Aside from clues as to what’s expected of you, you may find you don’t have to answer all of the questions. This is the number 1 place students go wrong – common mistakes are trying to answer everything then running out of time, or answering the wrong combination from different sections of the paper. Don’t lose marks – spend a few minutes checking and double checking what’s being asked of you.
2. Write a good introduction
A good introduction is the key to expressing your ideas clearly and effectively. In the introduction paragraph, you are going to tell the reader about your essay. You will include a thesis statement i.e. a statement that clarifies the main idea of the rest of the essay. Along with the thesis statement, you must include a couple of supporting sentences that just touch on your essay. Avoid too much detail in the introduction. Keep it brief.
You’ll be surprised how many marks this introduction paragraph can be worth. It shows you understand the question and sets the scene for where your answer is heading.
3. Make an essay plan
(it’ll save time, honest!)
A plan will also help you organize your thoughts. You can do this by jotting keywords as you brainstorm your topic or you can try a more regulated approach, an outline. An outline is a great tool when writing. Your outline main topics correspond with your paragraphs. Just keep an eye on your time though as outlines can take a little longer than a simple bulleted list.

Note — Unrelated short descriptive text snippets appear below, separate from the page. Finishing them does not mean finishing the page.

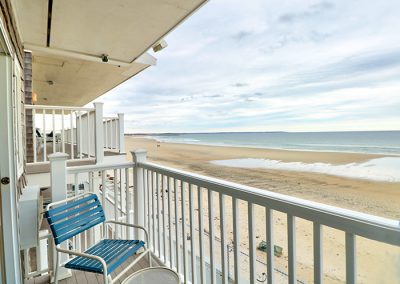Private Deck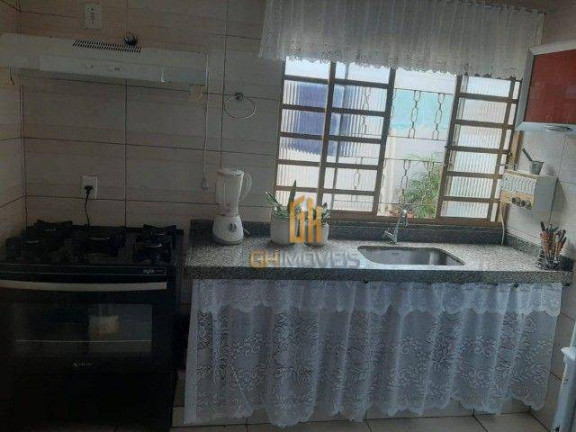 Imagem Sobrado com 4 Quartos à Venda, 250 m² em Santo Antônio - Goiânia Imagem Sobrado com 4 Quartos à Venda, 250 m² em Santo Antônio - Goiânia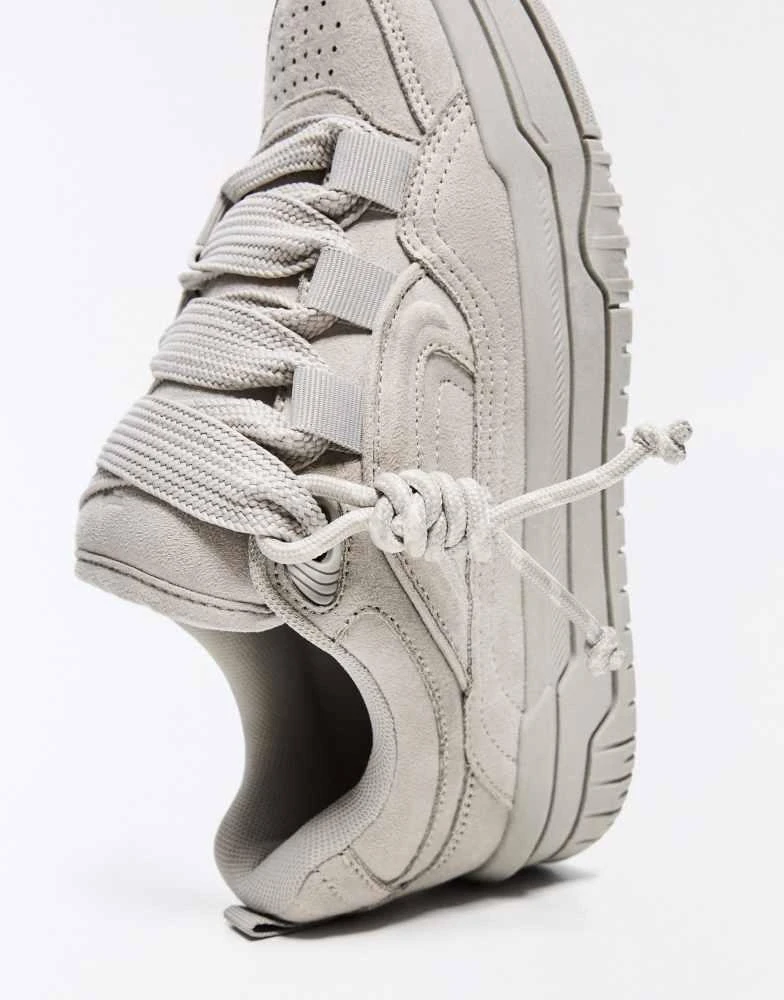 Bershka Bershka Chunky skate shoes in grey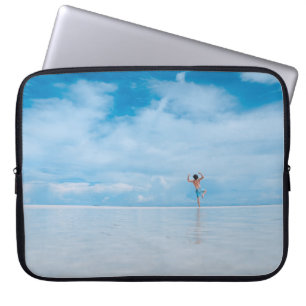 Persoon in waterlichaam laptop sleeve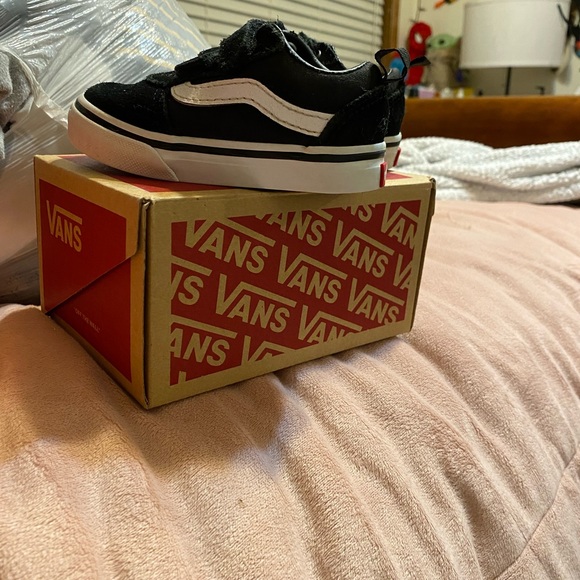 Toddler vans - Picture 2 of 7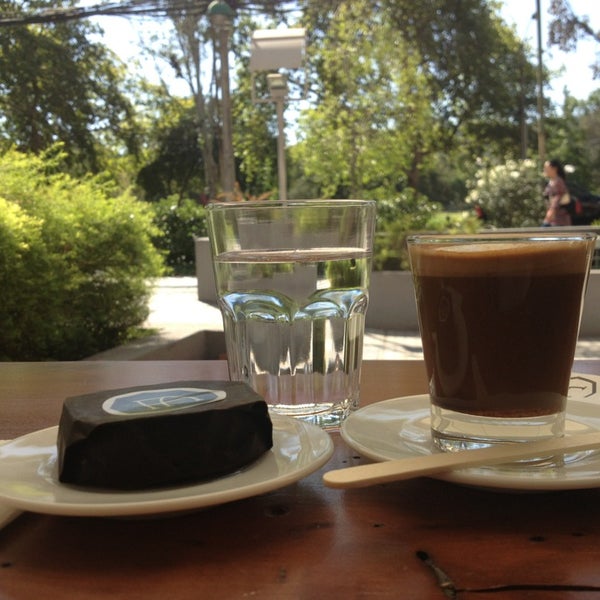 2/18/2013 tarihinde Adriano C.ziyaretçi tarafından Faustina Café'de çekilen fotoğraf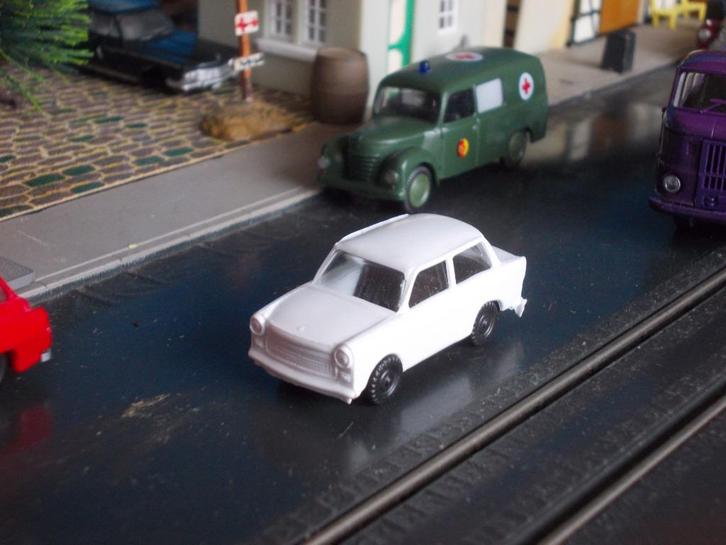 Trabant 601 - SES wit DDR, Hobby en Vrije tijd, Modelauto's | 1:87, Zo goed als nieuw, Ophalen of Verzenden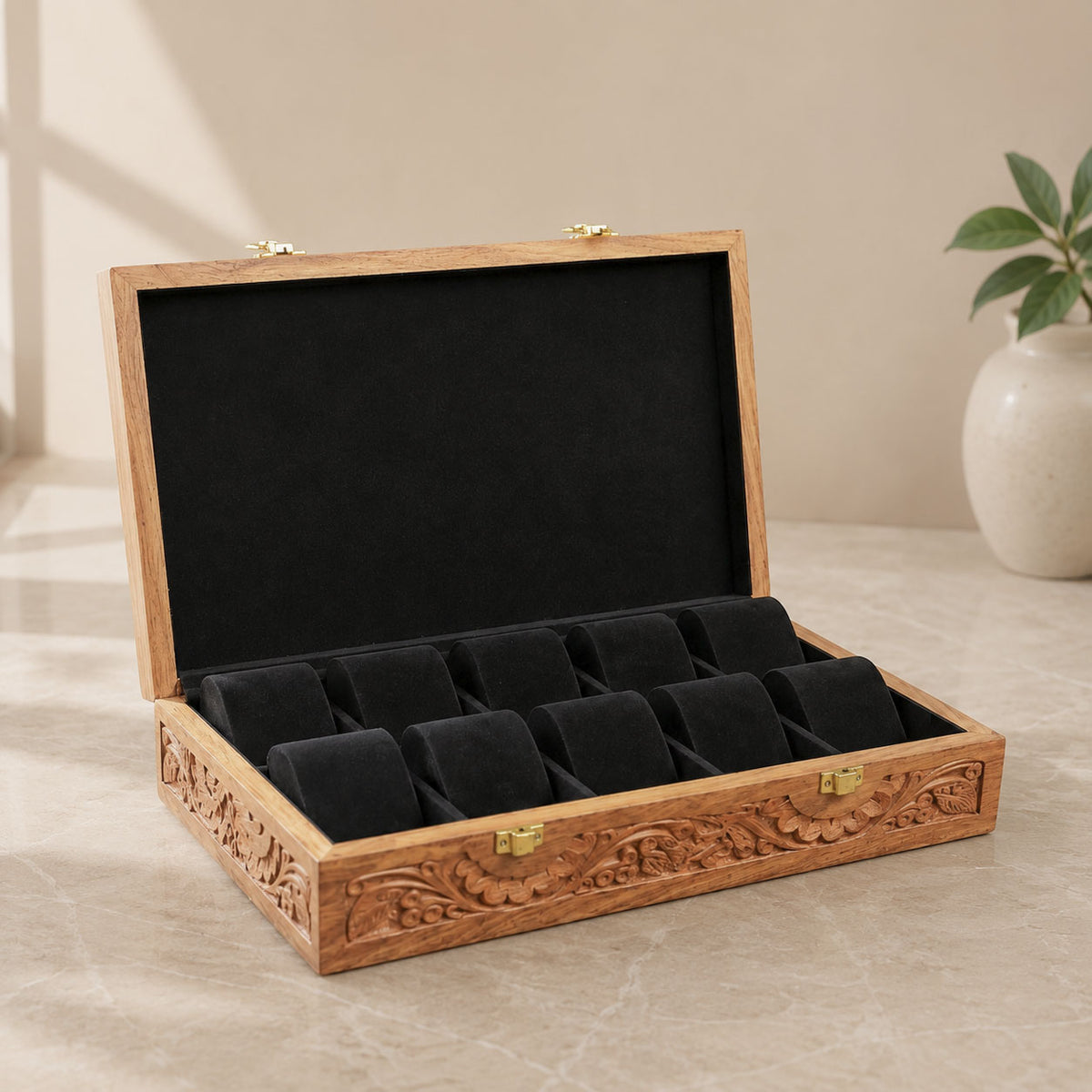 10 Watches – Carving – Wood Top – Hard Pillows Black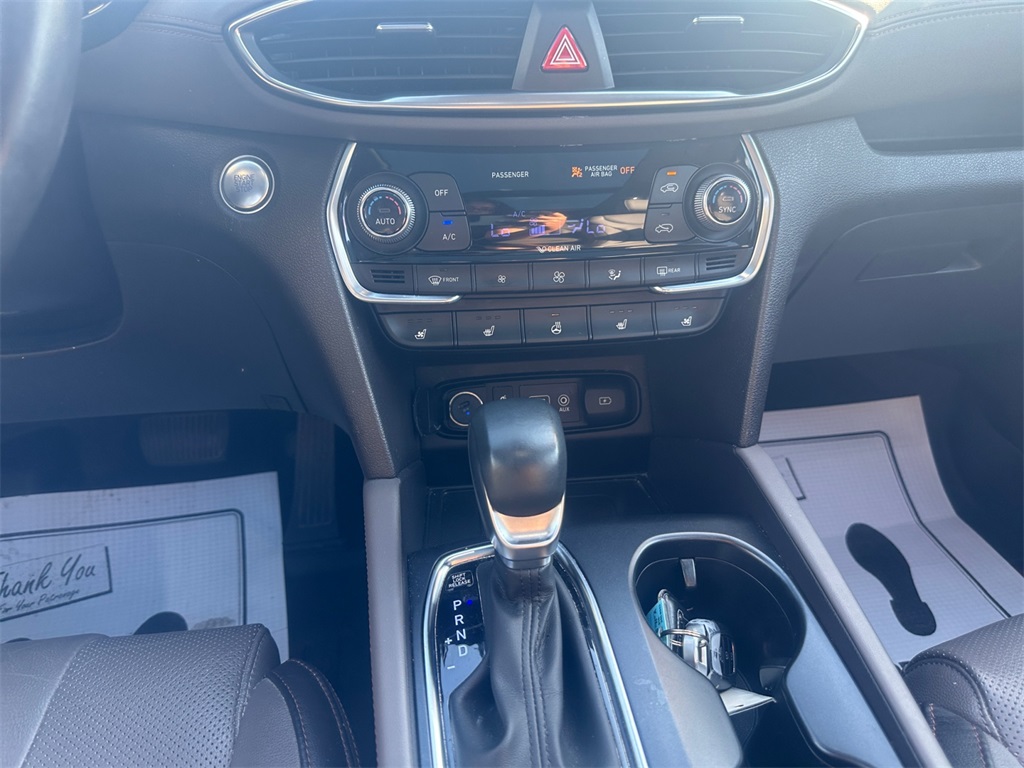 2020 Hyundai Santa Fe Limited photo 11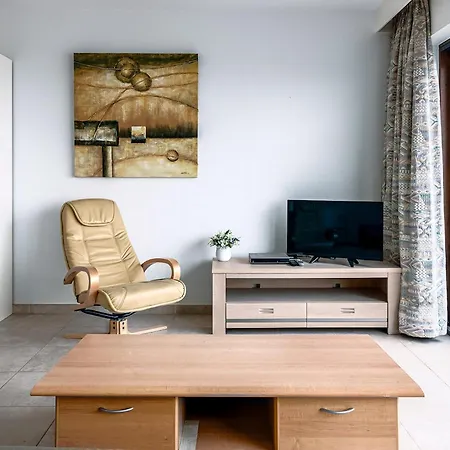 Grand E4 Apartment *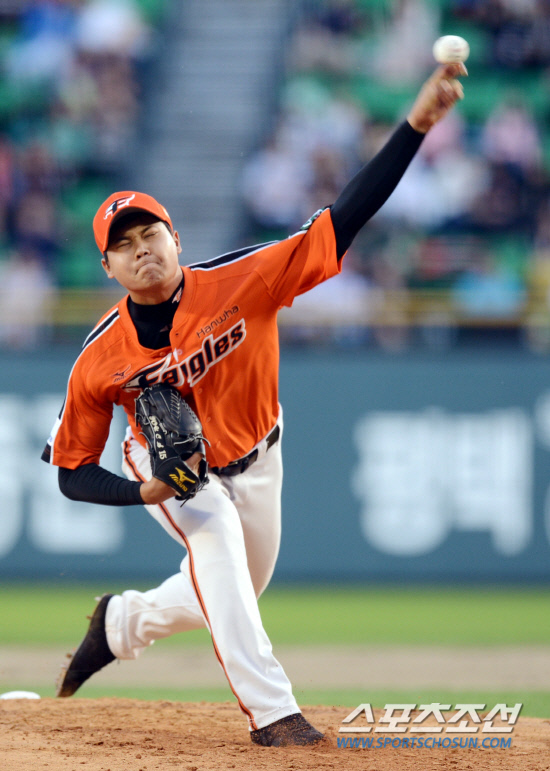 
	��ȭ ��â���� 3�� ��� LG������ �����ϰ� �ִ�. ������ ���ϱ� �������� ���� ���� ��Ī�ϴ� ����� �λ����̴�.

���=������ ���� rainmaker@sportschosun.com


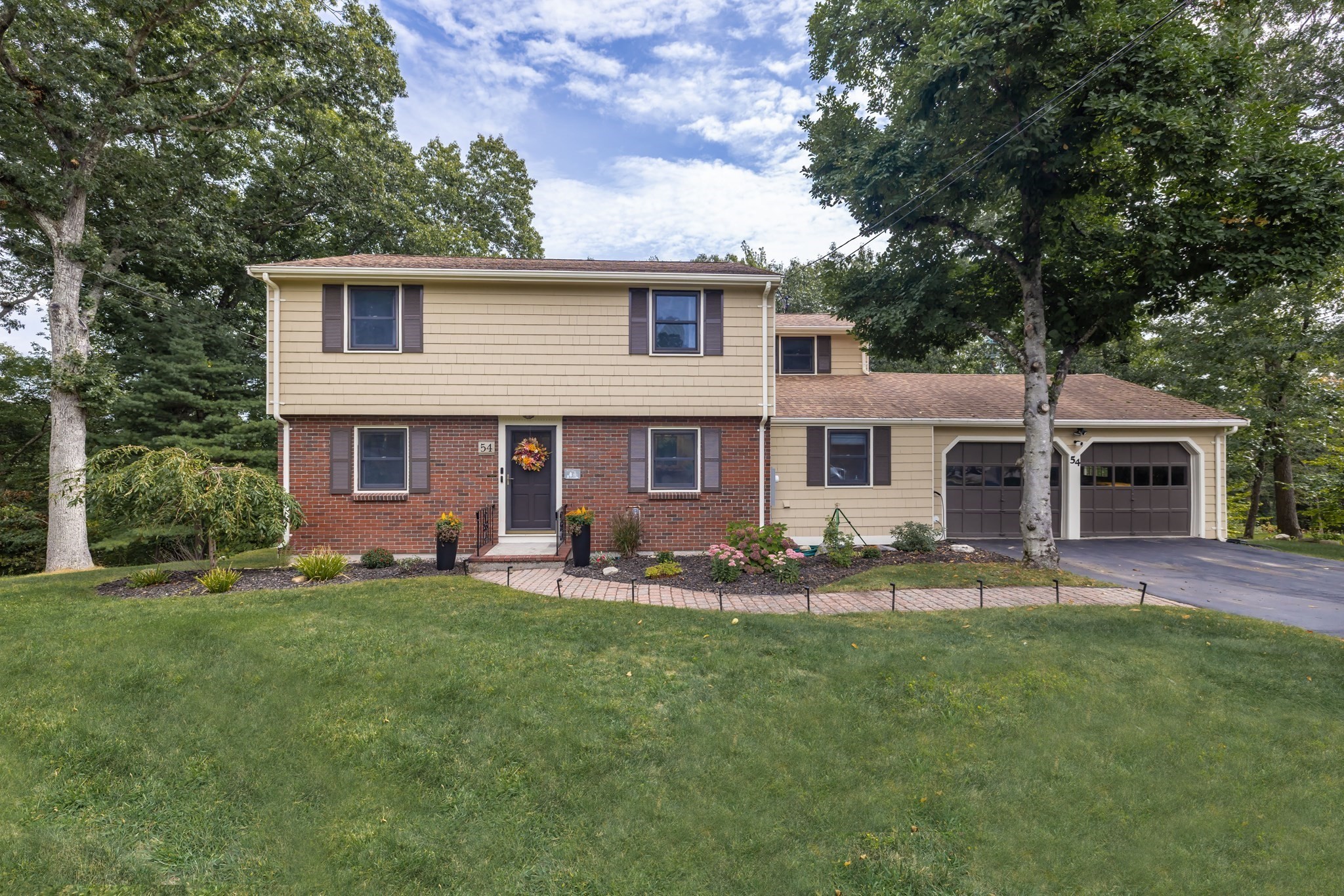 54 Checkerberry Ln, Framingham, MA 01702
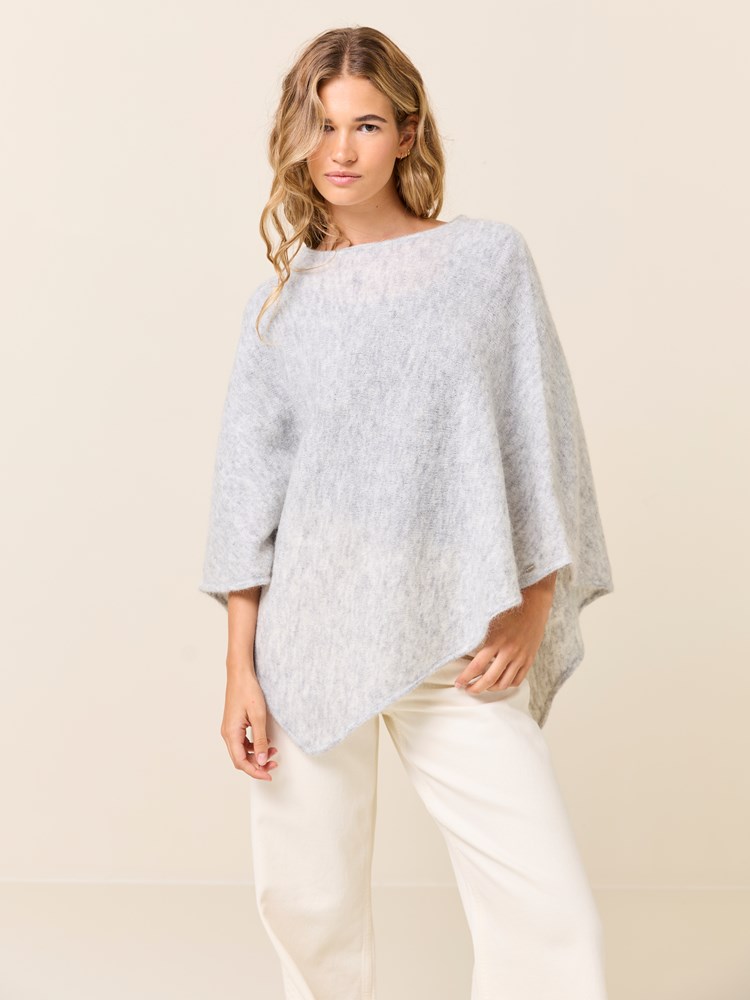 Lone poncho 7510276_IEB-JEANPAUL-W24-Modell-Front_7061_Lone poncho IEB_Lone poncho IEB 7510276.jpg_Front
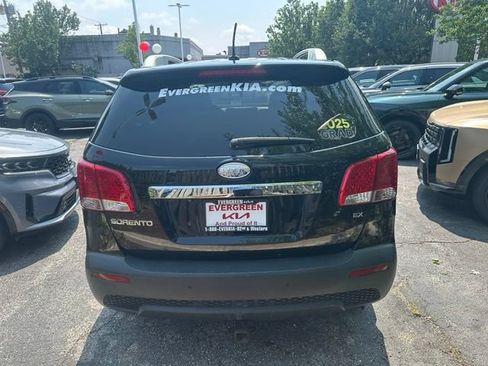 Used 2011 Kia Sorento EX w/ Premium Pkg FWD image 5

After completing your planning, you can simply turn your paragraph ideas into sentences. Again, do not spend too much time on this because it could cause you to rush your actual essay.
4. Present the 3 steps of an argument
Learn how to make your point
- The first step of this process is to establish clearly what your issue or argument is before putting it into words. The introduction alerts the reader of the general subject matter but you must hone in on your specific issue or argument. You must be clear if you want your essay to be clear.
- After completing Step 1, you should have a clear argument. Now it is time to explain this argument and state your supporting details to back your stance. Be sure to thoroughly explain your point.
- The third step is to look at your thesis statement and argument critically. This is an opportunity to use your critical thinking to make conclusions and insights about your topic that have not been previously made. This is also called the analysis and is the most tedious step. However, it’s also the step that picks up the most marks! Extensive critical analysis is what earns the higher grades.
5. Reach a conclusion
Don’t forget to spell out your exact position on the issue in hand
The conclusion has basically the same purpose as an introduction in an essay. The introduction tells the reader what you are going to write and the conclusion summarizes for the reader what was just read. It needs to sum up your argument and supporting information into a clear, concise paragraph. You should also include why your argument is strong or weak or why you can or cannot justify it.
6. Write lots
But don’t waffle…
Write as much as necessary to get your ideas across but avoid fluff – unnecessary information used to fill up paper. Try to use a large vocabulary and the clearest words available to express every idea. Make sure to adequately cover all your points because if not, you may not score as well.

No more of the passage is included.